Note: Cotytto was another Phrygian sex goddess imported into Greece at that time, whose night-time festivals resembled those of Cybele and Bendis - known for their licentiousness, obscenity, and insobriety.
“The star that bids the shepherd fold
Now the top of heaven doth hold;
And the gilded car of Day
His glowing axle doth allay
In the steep Atlantic stream:
And the slope Sun his upward beam
Shoots against the dusky pole,
Pacing toward the other goal
Of his chamber in the east.
Meanwhile, welcome joy and feast,
Midnight shout and revelry,
Tipsy dance and jollity.
Braid your locks with rosy twine,
Dropping odours, dropping wine.
Rigour now is gone to bed;
And Advice with scrupulous head,
Strict Age, and sour Severity,
With their grave saws, in slumber lie.
We, that are of purer fire,
Imitate the starry Quire,
Who, in their nightly watchful spheres,
Lead in swift round the months and years.
The sounds and seas, with all their finny drove,
Now to the Moon in wavering morrice move;
And on the tawny sands and shelves
Trip the pert Fairies and the dapper Elves.
By dimpled brook and fountain-brim,
The Wood-Nymphs, decked with daisies trim,
Their merry wakes and pastimes keep:
What hath night to do with sleep?
Night hath better sweets to prove;
Venus now wakes, and wakens Love.
Come, let us our rites begin;
‘T is only daylight that makes sin,
Which these dun shades will ne'er report.
Hail, goddess of nocturnal sport,
Dark-veiled Cotytto, to whom the secret flame
Of midnight torches burns! Mysterious Dame,
That ne'er art called but when the dragon womb
Of Stygian darkness spets her thickest gloom,
And makes one blot of all the air!
Stay thy cloudy ebon chair,
Wherein thou ridest with Hecat’, and befriend
Us thy vowed priests, till utmost end
Of all thy dues be done, and none left out
Ere the blabbing eastern scout,
The nice Morn on the Indian steep,
From her cabined loop-hole peep,
And to the tell-tale Sun descry
Our concealed solemnity.
Come, knit hands, and beat the ground
In a light fantastic round.”
[lines 93 – 144]
Then Comus hears the young lady approaching, and he tells us of his plans to entrap her, while disguised as a ‘harmless villager’.
“Break off, break off! I feel the different pace
Of some chaste footing near about this ground.
Run to your shrouds within these brakes and trees;
Our number may affright. Some virgin sure
(For so I can distinguish by mine art)
Benighted in these woods! Now to my charms,
And to my wily trains: I shall ere long
Be well stocked with as fair a herd as grazed
About my mother Circe.
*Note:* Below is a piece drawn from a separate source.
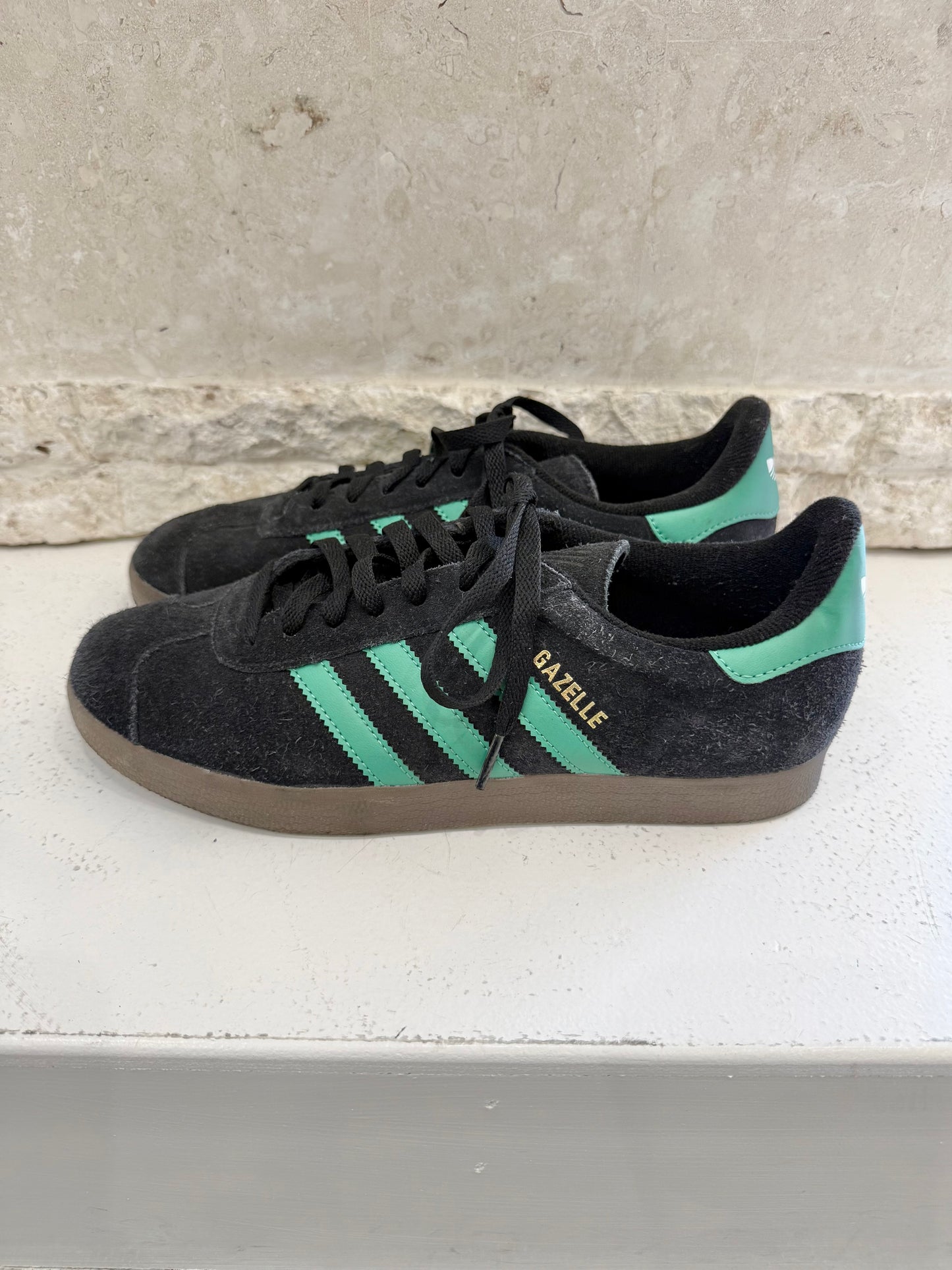 Adidas Black and Green Gazelle Sneakers - Size 8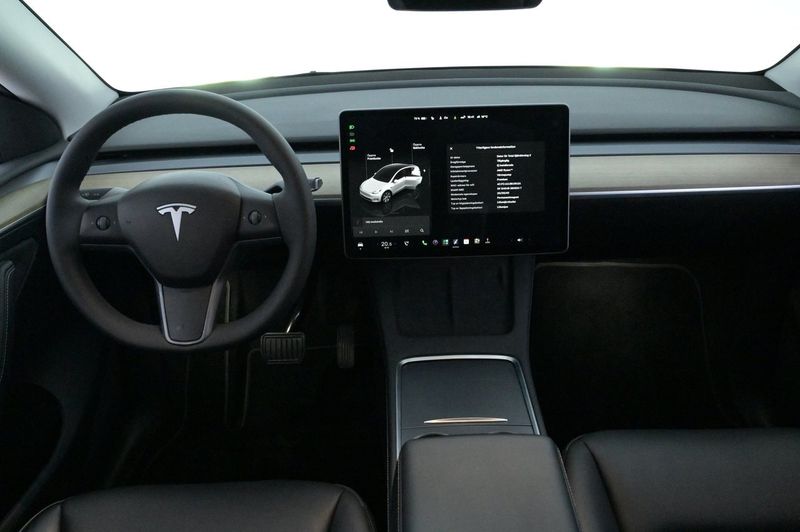 Tesla Model Y bild 6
Thus I hurl
My dazzling spells into the spongy air.
Of power to cheat the eye with blear illusion,
And give it false presentments, lest the place
And my quaint habits breed astonishment,
And put the Damsel to suspicious flight;
Which must not be, for that’s against my course.
I, under fair pretence of friendly ends,
And well-placed words of glozing courtesy,
Baited with reasons not unplausible,
Wind me into the easy-hearted man,
And hug him into snares. When once her eye
Hath met the virtue of this magic dust
I shall appear some harmless villager,
Whom thrift keeps up about his country gear.”
[lines 145-167]
The two brothers are met by Thyris, disguised as a shepherd, who warns them of the danger to their sister from Comus. The young lady had become separated from her two brothers, and is befriended by Comus, also disguised as a shepherd, who tempts her, arguing over pleasure or temperance, until the brothers arrive to rescue her.
I’ll leave you to read the entire masque ‘Comus’ that can be found at Internet Archive.
This theme of freedom fighting against licentiousness would reappear, but many years later, when Milton would write his saga of Adam and Satan in ‘Paradise Lost’.
Ahhh … if only Milton could have found his future in composing other masques or plays, like another Mid-summer Night’s Dream, but, as is said, ‘life got in the way’.